What you need to do: From the records below, copy each line that has the word "الله" in it.

_ _ _ _ _ _ _

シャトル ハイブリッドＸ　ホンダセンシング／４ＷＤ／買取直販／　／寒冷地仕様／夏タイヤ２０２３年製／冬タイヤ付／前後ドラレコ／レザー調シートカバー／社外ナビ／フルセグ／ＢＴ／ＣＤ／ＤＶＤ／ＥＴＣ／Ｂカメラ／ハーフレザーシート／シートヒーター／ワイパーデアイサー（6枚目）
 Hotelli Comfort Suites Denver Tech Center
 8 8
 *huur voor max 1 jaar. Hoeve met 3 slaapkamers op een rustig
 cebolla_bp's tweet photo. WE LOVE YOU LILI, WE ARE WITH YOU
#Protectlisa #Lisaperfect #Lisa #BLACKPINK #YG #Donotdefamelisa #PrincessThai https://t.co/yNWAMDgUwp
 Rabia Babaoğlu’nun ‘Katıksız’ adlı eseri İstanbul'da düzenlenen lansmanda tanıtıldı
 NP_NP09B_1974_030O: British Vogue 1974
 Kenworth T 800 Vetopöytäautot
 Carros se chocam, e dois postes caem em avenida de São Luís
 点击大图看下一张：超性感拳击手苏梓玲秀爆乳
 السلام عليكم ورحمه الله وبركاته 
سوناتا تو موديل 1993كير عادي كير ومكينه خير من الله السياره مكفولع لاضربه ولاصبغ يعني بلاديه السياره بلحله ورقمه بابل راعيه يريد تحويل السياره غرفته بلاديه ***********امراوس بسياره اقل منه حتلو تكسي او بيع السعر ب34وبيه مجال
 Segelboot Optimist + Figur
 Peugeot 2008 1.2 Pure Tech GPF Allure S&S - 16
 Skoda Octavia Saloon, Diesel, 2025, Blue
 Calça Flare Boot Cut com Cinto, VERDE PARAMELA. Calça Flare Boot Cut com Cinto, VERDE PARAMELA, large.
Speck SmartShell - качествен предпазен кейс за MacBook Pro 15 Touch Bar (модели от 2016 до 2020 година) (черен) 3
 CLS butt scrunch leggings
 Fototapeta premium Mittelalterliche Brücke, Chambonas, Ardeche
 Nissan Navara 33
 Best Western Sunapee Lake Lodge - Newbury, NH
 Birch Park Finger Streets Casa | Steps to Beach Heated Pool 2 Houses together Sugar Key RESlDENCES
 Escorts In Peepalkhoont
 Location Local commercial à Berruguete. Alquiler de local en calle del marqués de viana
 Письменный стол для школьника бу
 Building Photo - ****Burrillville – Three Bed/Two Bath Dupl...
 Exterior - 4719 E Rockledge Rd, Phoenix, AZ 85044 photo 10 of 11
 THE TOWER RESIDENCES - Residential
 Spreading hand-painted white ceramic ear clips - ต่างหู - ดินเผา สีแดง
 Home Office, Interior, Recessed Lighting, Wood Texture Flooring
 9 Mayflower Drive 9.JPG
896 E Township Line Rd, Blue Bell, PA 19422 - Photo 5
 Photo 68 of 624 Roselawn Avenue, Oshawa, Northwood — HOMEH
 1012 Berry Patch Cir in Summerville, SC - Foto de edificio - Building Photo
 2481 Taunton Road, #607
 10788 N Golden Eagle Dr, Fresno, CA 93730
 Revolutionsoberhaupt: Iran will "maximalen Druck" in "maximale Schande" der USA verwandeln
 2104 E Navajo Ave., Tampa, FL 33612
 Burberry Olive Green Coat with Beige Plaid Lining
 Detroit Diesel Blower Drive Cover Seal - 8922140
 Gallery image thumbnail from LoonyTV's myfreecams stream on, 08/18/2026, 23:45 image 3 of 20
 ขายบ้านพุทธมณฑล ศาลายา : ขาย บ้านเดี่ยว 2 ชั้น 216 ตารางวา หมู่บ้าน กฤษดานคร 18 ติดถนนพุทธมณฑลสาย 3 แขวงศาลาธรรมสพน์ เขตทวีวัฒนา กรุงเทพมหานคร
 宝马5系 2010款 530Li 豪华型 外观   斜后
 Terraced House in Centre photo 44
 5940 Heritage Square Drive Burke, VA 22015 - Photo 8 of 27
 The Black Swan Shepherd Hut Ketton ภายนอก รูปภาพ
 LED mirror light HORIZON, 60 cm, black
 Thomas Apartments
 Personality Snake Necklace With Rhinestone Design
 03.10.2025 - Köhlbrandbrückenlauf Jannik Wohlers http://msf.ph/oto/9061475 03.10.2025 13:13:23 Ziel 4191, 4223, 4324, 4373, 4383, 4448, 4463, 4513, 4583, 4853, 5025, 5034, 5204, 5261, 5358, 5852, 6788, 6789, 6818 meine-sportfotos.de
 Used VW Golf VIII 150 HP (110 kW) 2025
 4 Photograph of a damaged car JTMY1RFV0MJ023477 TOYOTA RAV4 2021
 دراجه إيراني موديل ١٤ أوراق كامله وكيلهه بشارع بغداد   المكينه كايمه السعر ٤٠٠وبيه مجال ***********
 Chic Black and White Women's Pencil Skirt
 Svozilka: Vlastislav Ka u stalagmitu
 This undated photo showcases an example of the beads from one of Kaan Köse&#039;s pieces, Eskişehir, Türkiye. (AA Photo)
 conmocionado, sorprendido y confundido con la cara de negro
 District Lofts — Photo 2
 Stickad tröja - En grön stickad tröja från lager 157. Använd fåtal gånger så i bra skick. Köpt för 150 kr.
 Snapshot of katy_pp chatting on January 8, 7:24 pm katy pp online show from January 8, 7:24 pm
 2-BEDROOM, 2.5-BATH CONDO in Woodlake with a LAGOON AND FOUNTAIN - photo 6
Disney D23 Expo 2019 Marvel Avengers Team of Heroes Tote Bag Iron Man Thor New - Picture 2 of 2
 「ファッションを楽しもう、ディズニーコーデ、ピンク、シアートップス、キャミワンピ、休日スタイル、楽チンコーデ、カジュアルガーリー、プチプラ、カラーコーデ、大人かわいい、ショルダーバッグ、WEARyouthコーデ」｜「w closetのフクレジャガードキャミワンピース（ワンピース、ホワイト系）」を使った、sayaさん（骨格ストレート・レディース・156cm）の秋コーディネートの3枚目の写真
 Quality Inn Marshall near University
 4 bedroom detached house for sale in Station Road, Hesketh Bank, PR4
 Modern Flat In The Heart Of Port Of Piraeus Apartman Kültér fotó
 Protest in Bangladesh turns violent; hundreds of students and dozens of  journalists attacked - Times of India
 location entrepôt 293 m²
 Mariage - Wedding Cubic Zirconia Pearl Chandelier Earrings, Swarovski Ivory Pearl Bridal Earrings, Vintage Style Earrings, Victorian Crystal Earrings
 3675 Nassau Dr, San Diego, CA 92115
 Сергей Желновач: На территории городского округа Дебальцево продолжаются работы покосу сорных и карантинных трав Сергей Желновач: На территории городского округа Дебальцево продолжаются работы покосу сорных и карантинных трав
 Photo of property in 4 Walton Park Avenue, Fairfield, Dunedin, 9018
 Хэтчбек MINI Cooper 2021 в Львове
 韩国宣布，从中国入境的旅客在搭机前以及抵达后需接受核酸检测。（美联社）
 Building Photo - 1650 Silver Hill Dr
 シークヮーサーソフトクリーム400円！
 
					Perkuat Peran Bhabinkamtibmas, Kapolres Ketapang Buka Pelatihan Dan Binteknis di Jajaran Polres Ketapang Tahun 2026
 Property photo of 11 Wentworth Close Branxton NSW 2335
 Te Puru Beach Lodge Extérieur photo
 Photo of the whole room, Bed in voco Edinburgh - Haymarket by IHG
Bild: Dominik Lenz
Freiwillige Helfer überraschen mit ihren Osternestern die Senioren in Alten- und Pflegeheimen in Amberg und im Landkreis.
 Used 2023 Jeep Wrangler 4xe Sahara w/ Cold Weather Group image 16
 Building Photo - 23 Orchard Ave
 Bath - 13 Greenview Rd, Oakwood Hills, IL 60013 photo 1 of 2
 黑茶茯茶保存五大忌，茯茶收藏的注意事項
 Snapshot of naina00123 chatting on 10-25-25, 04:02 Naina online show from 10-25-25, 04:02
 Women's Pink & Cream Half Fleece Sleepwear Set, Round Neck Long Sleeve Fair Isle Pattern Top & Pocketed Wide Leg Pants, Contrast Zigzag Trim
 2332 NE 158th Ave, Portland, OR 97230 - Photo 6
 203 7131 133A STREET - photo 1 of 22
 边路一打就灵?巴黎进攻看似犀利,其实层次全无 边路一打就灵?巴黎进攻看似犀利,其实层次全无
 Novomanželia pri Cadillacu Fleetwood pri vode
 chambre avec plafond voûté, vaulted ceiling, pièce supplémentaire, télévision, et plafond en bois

_ _ _ _ _ _ _

Response box:
 السلام عليكم ورحمه الله وبركاته 
سوناتا تو موديل 1993كير عادي كير ومكينه خير من الله السياره مكفولع لاضربه ولاصبغ يعني بلاديه السياره بلحله ورقمه بابل راعيه يريد تحويل السياره غرفته بلاديه ***********امراوس بسياره اقل منه حتلو تكسي او بيع السعر ب34وبيه مجال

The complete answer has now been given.